Let's propose an experiment then.

You take the test twice, once with a blindfold on, and once without a blindfold. As an objective measure of your intelligence, I expect you to get the same results on both tests

You are considering whether it's objective only by that the reader at the end sees the final score, but there's many spots in between an empty sheet of paper and that score where somebody's subjective experience comes into play


That's like saying putting something on a scale isn't an objective measure of its weight because you can just take the batteries out of the scale. I'm considering it objective because the more correct answers you get, the higher your score.

We can argue about whether or not the stuff on the test is important. We can discuss the various environmental, cultural, and socioeconomic factors that go into the kids taking it and how that impacts scores statistically. We can even talk about the various medical and neurological factors that go into test taking generally and standardized test taking specifically that can affect some people more than others. I'll even concede that the SAT/ACT isn't a test of your intelligence so much as it is a test of how well you did on the SAT/ACT, just like putting things on a scale may at best be a measure of its weight relative to other things on that specific scale.

But at the end of the day, more right answers === a higher score, and I'm not sure how you get any more objective than that when it comes to something as fluid as academic ability.

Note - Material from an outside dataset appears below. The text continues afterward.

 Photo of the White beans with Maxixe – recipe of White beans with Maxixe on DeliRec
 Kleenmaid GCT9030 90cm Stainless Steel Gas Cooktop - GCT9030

Exactly right. I think the critique is that it serves little value in college admissions because aptitude at taking the test is not an indicator of anything else. But IMHO, defining a difficult task and judging people on their ability to prepare for and execute on that difficult task is a useful means of measuring whether that individual is capable of doing that very thing when facing other difficult tasks, as they certainly will at college and in life. That alone has value and relevance in college admissions.


It's not a question of whether the score is objective, but whether the score is an unbiased estimator of student quality, whatever that means.


Everything has bias and nobody can agree on what "student quality" means even on a single admissions panel at a single school. Isn't that the whole point of having a wide and varied application? One that has standardized testing, grades throughout school, life experience, extracurricular activities, volunteerism, and more?

Getting rid of one of these because it's easier if you have money (when all of these things are easier if you have money, because life is easier if you have money) is just setting the stage for more explicit bias.


Perhaps you misunderstood my comments as advocacy. I was not, and would advocate for keeping the standardized tests. I was answering someone else's questions about the choice.